NUMA Nodes and SQL Scheduler Configuration Performance Impact


I recently built a new SQL server for one of my client with 72 cores, It was an SQL 2014 enterprise edition and was an upgrade from Amazon Web services to Physical infrastructure with higher processing power, Memory and faster disk. The SQL Version was the same (SQL 2014 SP1 on AWS and Physical Infrastructure) but surprising the physical infrastructure was slower than AWS in some instances. Some queries were taking long time in the new server and waits pointed to CPU Schedulers.

Thanks to our Performance Auditors(Mike Walsh from Linchpin People) who found out the following message from the SQL error log,

“SQL Server detected 2 sockets with 18 cores per socket and 36 logical processors per socket, 72 total logical processors; using 40 logical processors based on SQL Server licensing. This is an informational message; no user action is required.”

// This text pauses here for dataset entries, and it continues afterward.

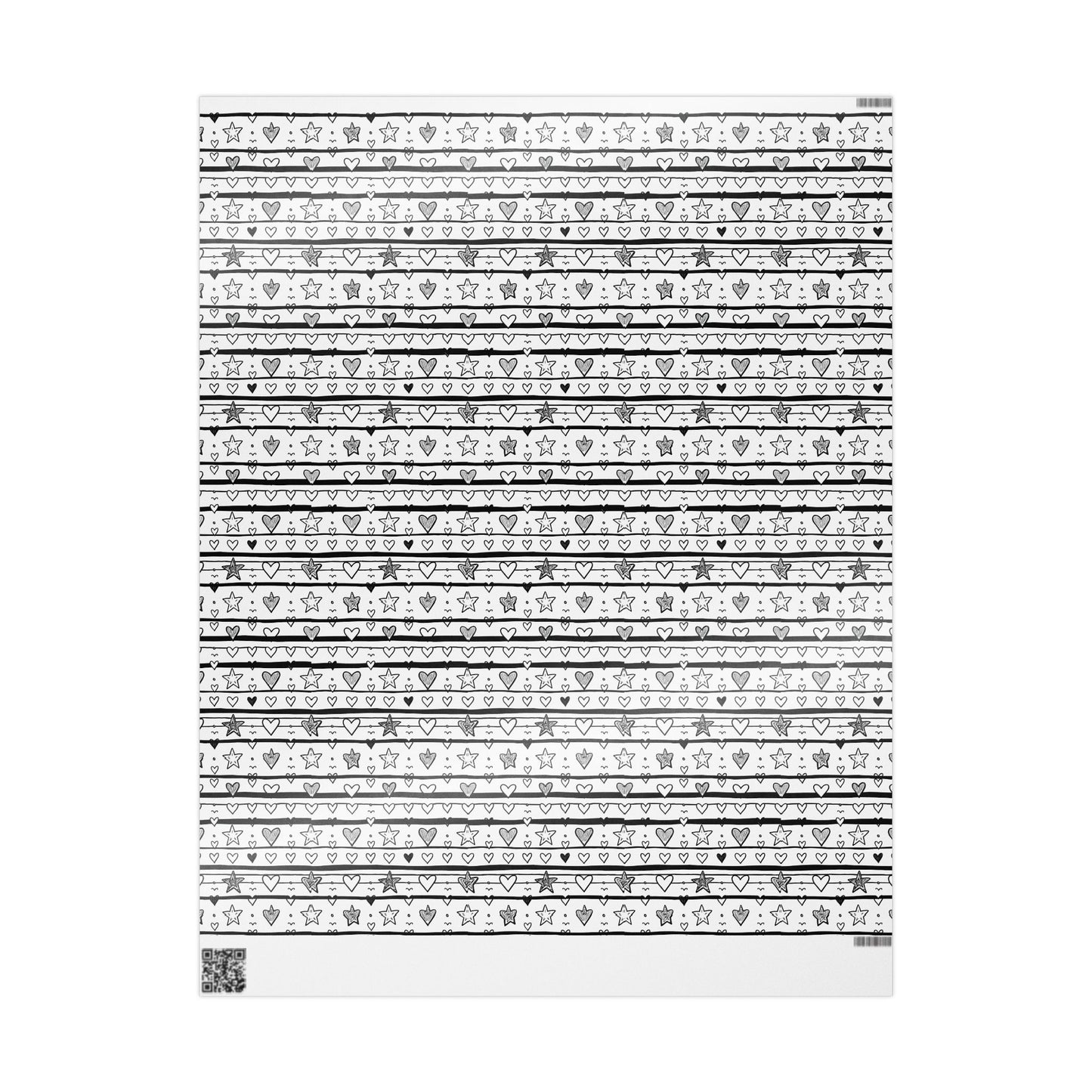 Gift Wrap Sheets Doodle Hearts Stars Black White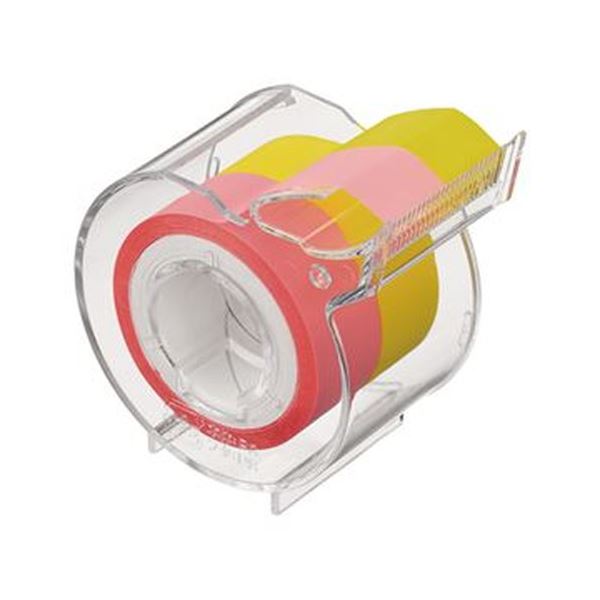 （まとめ）ヤマト メモック ロールテープフィルムタイプ カッター付 15mm幅 パステルピンク＆ イエロー RF-15CH-6EN 1個〔×20セット〕〔代引不可〕の通販は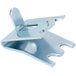 A stainless steel Beverage-Air refrigeration shelf clip with two holes.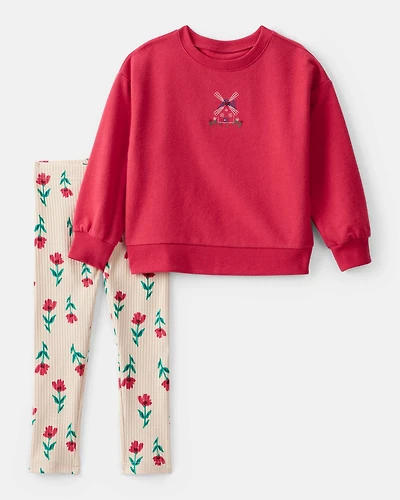 Toddler Girl Floral Windmill French Terry Long-Sleeve Tee & Pant Set - Red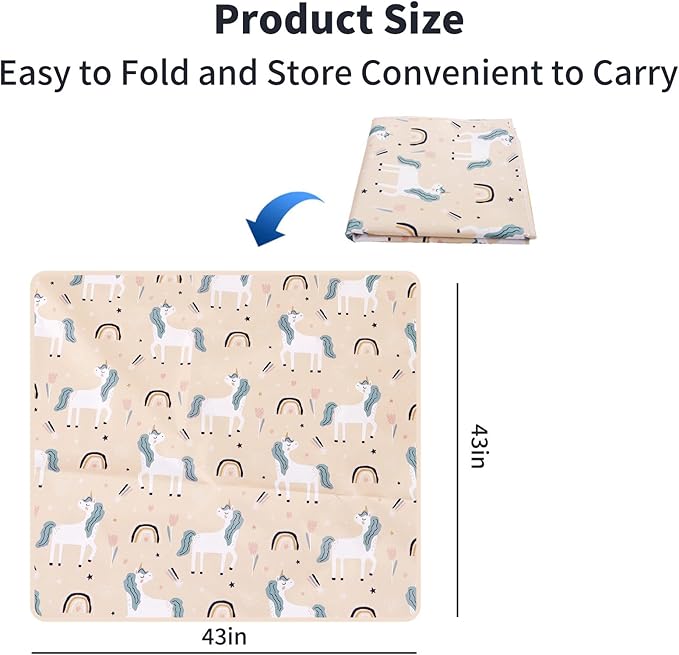 CoolaPeach Splat Mat for Under High Chair/Arts/Crafts, Washable Baby Spill Mat Waterproof Non-Slip Floor Splash Mat, 43"x 43" Portable Play Mat and Table Cloth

We found the client was licenced SQL for only 40 cores even though the hardware had 72 cores SQL can use only the licenced 40 cores. This was still an non-issue as this was still more processing power to AWS and that’s when Mike pointed me to Glenn Berry's Blog http://www.sqlskills.com/blogs/glenn/balancing-your-available-sql-server-core-licenses-evenly-across-numa-nodes/

As mention in the above blog post, I ran

-- SQL Server NUMA node information
SELECT node_id, node_state_desc, memory_node_id, processor_group, online_scheduler_count
FROM sys.dm_os_nodes WITH (NOLOCK)
WHERE node_state_desc <> N'ONLINE DAC' OPTION (RECOMPILE);


node_id
node_state_desc
memory_node_id
processor_group
online_scheduler_count
0
ONLINE
0
0
36
1
ONLINE
1
1
4

As you can see in the above result,  36 Schedulers are in use on the first NUMA node with the first 36 logical processors and then 4 are in use on the second NUMA node. This is not an optimal configuration If we have had SQL licensed for all the 72 cores we would have had equal balance with the schedulers on the NUMA nodes. This might be a performance bottleneck.

I followed Glenn's blog again and ran

-- SQL Server NUMA node and cpu_id information
SELECT parent_node_id, scheduler_id, cpu_id
FROM sys.dm_os_schedulers WITH (NOLOCK)
WHERE [status] = N'VISIBLE ONLINE';

From the above query result I found the cpu id’s in use were from 0 to 19 and 64 to 83 after which I ran the below ALTER query as suggested in the blog with right CPU id.

ALTER SERVER CONFIGURATION
SET PROCESS AFFINITY CPU = 0 TO 19, 64 TO 83;

Now I ran first query again to find NUMA node information,

-- SQL Server NUMA node information
SELECT node_id, node_state_desc, memory_node_id, processor_group, online_scheduler_count
FROM sys.dm_os_nodes WITH (NOLOCK)
WHERE node_state_desc <> N'ONLINE DAC' OPTION (RECOMPILE);

node_id
node_state_desc
memory_node_id
processor_group
online_scheduler_count
active_worker_count
0
ONLINE
0
0
20
41
1
ONLINE
1
1
20
56


As you can see now we reached a balance now with CPU schedulers and the NUMA nodes. This change resolved our slowness issue and the server is now much faster than our lower hardware system.